We’ve already had some cool nights, frosty mornings and even a light snow fall already this October in the North Thompson Valley. The migrating birds have flown south and the resident squirrels and chipmunks are still busy stocking their larders.
When I feed our horses and cattle in the mornings I see their thick coats starting to fluff out to hold in their body warmth and many a morning their breath is visible in the frosty air.
The same is true for the deer who fre-quent our yard – they have fattened up and grown a rich coat in preparation for the cold to come.
These are all signs that Old Man Winter is just around the corner. Signs that those who live here have been paying attention to since man first walked the valley.
Back then if you didn’t heed the signs you most likely would not survive the winter that was coming. Fall always brought a hectic pace of readying for the colder months ahead. Back then temperatures were often recorded in the minus -40° degrees or worse. The river froze solid every year, and people were able to ride or walk across it on a daily basis in many areas. Children walked across the river ice to attend school.
Fall gardens and crops had to be harvested, and cool dark root cellars were stuffed with potatoes, turnips, apples and all manner of produce, including grains and seeds that could be preserved through the coming months. Dried fish was canned, hung, or wrapped and stored as safely as possible to keep it away from the ever-present pests of mice and pack rats.
Houses and cabins smelled wonderfully inviting as the women of the house (and sometimes the men) cooked up huge pots of preserves, stews, pickled eggs and more that would fill each of the shelves in their pantry long before winter blew into the valley.
The men hunted. It was their job to bring back the meat. Moose, deer, a fat rich bear, all provided enough meat to feed a family for quite sometime. Not just the meat, but the hides, the tallow – everything was utilized.
There were trips to the forest to harvest wood for heating and cooking.

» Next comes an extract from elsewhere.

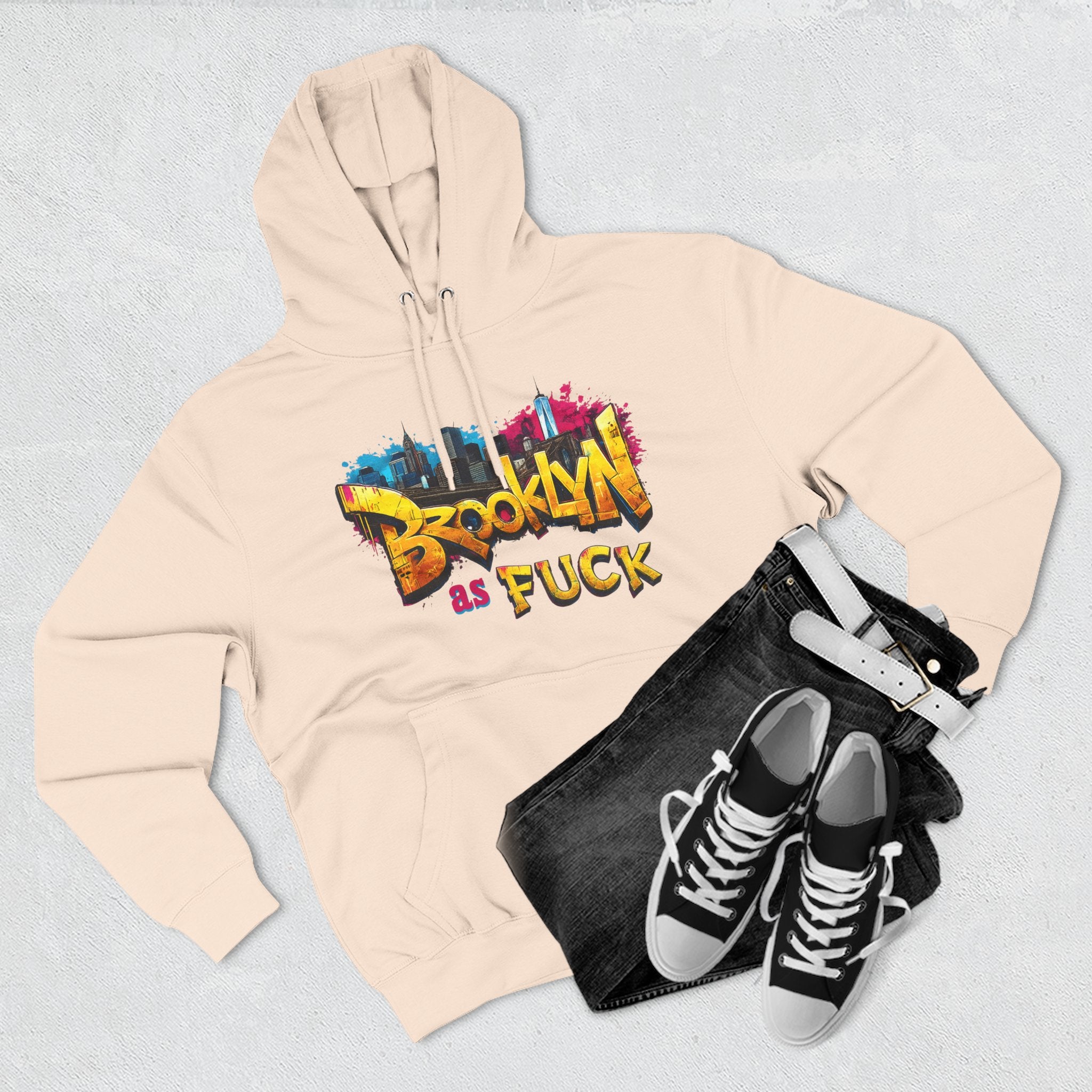 Oatmeal heather hoodie styled flat lay with jeans, belt, and sneakers, graffiti Brooklyn As Fuck NYC skyline print.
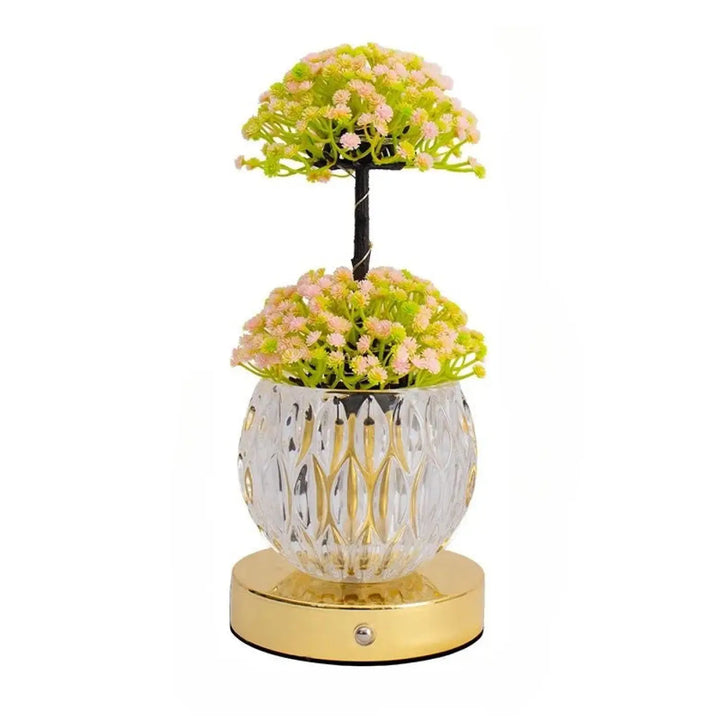 Lampe de table tulyna avec corps en verre facetté clair, garniture dorée, fleurs artificielles roses et vertes, source de lumière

Then haul the firewood back to the homestead, split and stack it, and then head out for another load until you had enough wood to take you through the winter and at least well into springtime.
Those with livestock had to make sure all of the cattle were down from the high country and that there was plenty of hay in the barn or stacks to feed all of the hungry animals who would be staying there. Pastured livestock had to be brought closer to the homestead where feed and water was available to them. Chicken coops were prepared for cold weather blasts and nest boxes well-bedded with straw.
Warm clothes, mittens, caps and scarves were brought out of storage, and a lineup of warm boots appeared by the door.
Staples such as flour, dried beans, salt, sugar, molasses, coffee and tea were purchased in large amounts, along with spices, seasonings and of course yeast. In later years, before electricity came through the valley, homes also needed a good supply of fuel for lanterns, and if you were lucky enough to have a tractor, vehicle or generator you needed fuel for that as well.
The roof was checked, the chimney cleaned, and any spaces with a draft coming in was plugged.
Finally, the front porch was seen to be sporting a pile of firewood, an ax and a pick ax, a snow shovel, a toboggan, ice skates, snowshoes, crosscountry skis, a couple of buckets, and an old rug or pile of sacking for the dog.
Here in the valley in 2017, although we are still preparing for the cold weather to come, most of us have transportation, electricity or solar power, the convenience of shopping close to our homes for most of our needs, telephones, cell phones, the internet, medical services, First Responders, and so much more.
Now our winter preparations are about getting our snow tires on by October 1, bringing in firewood if we need it (or you can have it delivered), or getting wood pellets delivered, hitting the case lot sales at the grocery store, going hunting or not, canning and preserving produce from your garden – or not, plugging in the tractor or vehicle so it will start in the morning, plugging in the stock tank heaters and the heated dog house, winterizing the RV, putting antifreeze in the vehicles, taking the tarp off the snowmobile, and maybe purchasing new felt liners for your snow boots.
Don’t you think the folks who prepared for winter here so long ago would truly be amazed at how we get ready today?